Por ahí justamente empezaría mi lectura en positivo de lo que ocurrió el domingo. Además del mordisco en la ingle al bipartidismo en el conjunto del Estado, en nuestro trocito del mapa, siempre con mayor biodiversidad, las urnas les han sido favorables a las fuerzas que apuestan por el derecho a decidir. Pero como eso puede sonar un tanto abstracto, personalizaré: en ese mastodonte amodorrado que es el Parlamento europeo habrá de saque dos escaños cuyos ocupantes no van con espíritu de balneario. Izaskun Bilbao lo ha demostrado en los cinco años precedentes y no tengo la menor duda de que Josu Juaristi actuará con similar brío y entrega. Me alegra intuir que no serán los únicos. Entre un puñado de los recién electos de otras siglas se perciben unas sanísimas ganas de alborotar el cementerio de elefantes. Buena falta hace.

¿Frentes? ¿Qué frentes?

Para prolongar el gustirrinín provocado por las fotos del Carlton y de las calles de Bilbao a reventar, nada mejor que la quejumbre ramplona de los que andan con tembleque de piernas. No me refiero a la talibanada ultradiestra —Marhuendas, Federicos, Abascales—, cuyos regüeldos están amortizados, amén de resultar divertidos por lo patético, sino a los de un poco más acá en la gradación ideológica. Hablo de congregantes de una derecha que se pretende templada, del centro sedicente (e inexistente) y hasta de esa izquierda que tal vez lo fue pero hace tiempo que no lo es. En un alarde de brillantez intelectual, es decir, de toda la que son capaces de reunir tipos y tipas que no pasan de destripaterrones de la política, andan anunciando el nuevo apocalipsis del frentismo.

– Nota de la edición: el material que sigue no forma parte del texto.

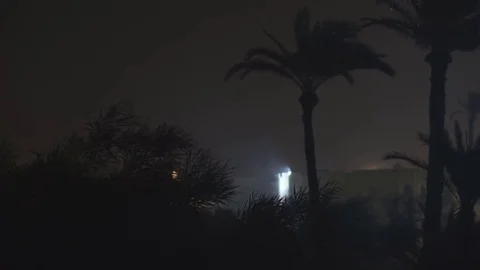 Looking out of window as a palm tree gets blown about in storm force wind and Video stock 78809682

¿Frentismo? Las pelotas, treinta y tres. Los últimos episodios de esa peste que nos tocó padecer, les recuerdo, fueron el interminable trienio sociopopular en la demarcación autonómica y el aun más extenso periodo del binomio UPN-PSN en la foral. Está bastante demostrado que los que verdaderamente se pirran por las santas alianzas hasta el punto de no tener más programa que promoverlas son los que enarbolan la rojigualda en una mano y la Constitución en la otra. De hecho, la inmensísima suerte que tienen es que, especialmente en la CAV, al otro lado no hay un frente sino dos fuerzas (un partido y una coalición) que pugnan por la hegemonía. El día que cambie eso, que me temo que va para bastante largo, las plañideras tendrán motivo para llorar en serio… mientras otros sonrían.

Así que menos lobos, y menos agitar espantajos. Todo lo que ha ocurrido en las últimas horas es que la estupidez supina al tiempo que perversa —tanto monta— del aparataje del Estado español consiguió el prodigio de unir a ambas formaciones para exigir en la calle algo que ni siquiera tiene que ver con ser o dejar de ser abertzale: el respeto.